Atsushi just nodded as he picked at his fingernails.

Swallowing passed the lump in his throat, his father pulled the photo from his hand and put it down on his desk, sliding it across towards Atsushi to see the smiling baby frozen in time. The baby was his niece; a young baby girl that his eldest sibling, his sister, had given birth to only six months ago. Her and her husband had been ecstatic, elated to the point of child-like giddiness when they had found out they were expecting and when Atsushi and his three older brothers had been told, their own excitement had joined theirs.
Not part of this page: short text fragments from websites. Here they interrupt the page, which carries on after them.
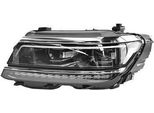 Van Wezel 5747965M - Faro Oe 5NB941113A, Sinistro Per Tiguan Ad, Ax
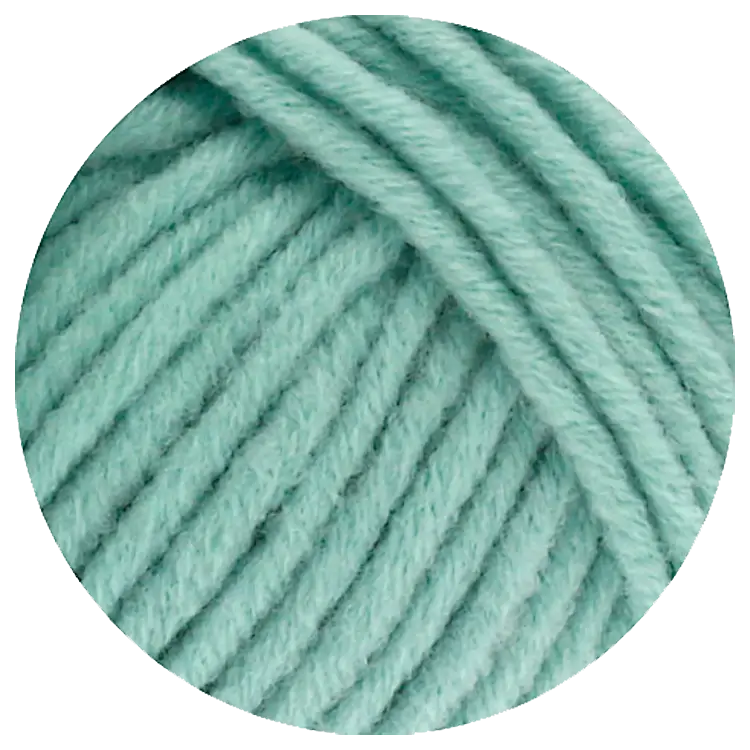 #Farbe_Lana Grossa Mille II | 86 Mint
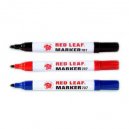 Red Leaf Marker Red 707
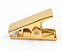 PRENDEDOR PARA FITAS OLFATIVAS DOURADO MOD.37 - Imagem 1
All the children kept in close contact, and it had been up to Atsushi to keep their mother informed since he was the last one to remain in the Murasakibara nest, but when it came to their father, no one, not even he, wanted to keep the man in the loop.

"Cute, huh." Atsushi breathed out as he barely smiled at the photo of the happy, purple eyed baby with a shaggy mess of black hair splashed over her head.

His father sniffled, "Very... She looks like Hanaka did the day she was born." He said, pulling a tissue from its box that rested on the side of the desk.

Atsushi's brows lightly furrowed, "Y-You were there?"

His father nodded to buy him time to finish blowing his nose and dry his face.

"I was. I was there for all five of you and I remember each one as if they were yesterday." He said, drawing in a steady breath as he shifted his eyes down to look at the photo.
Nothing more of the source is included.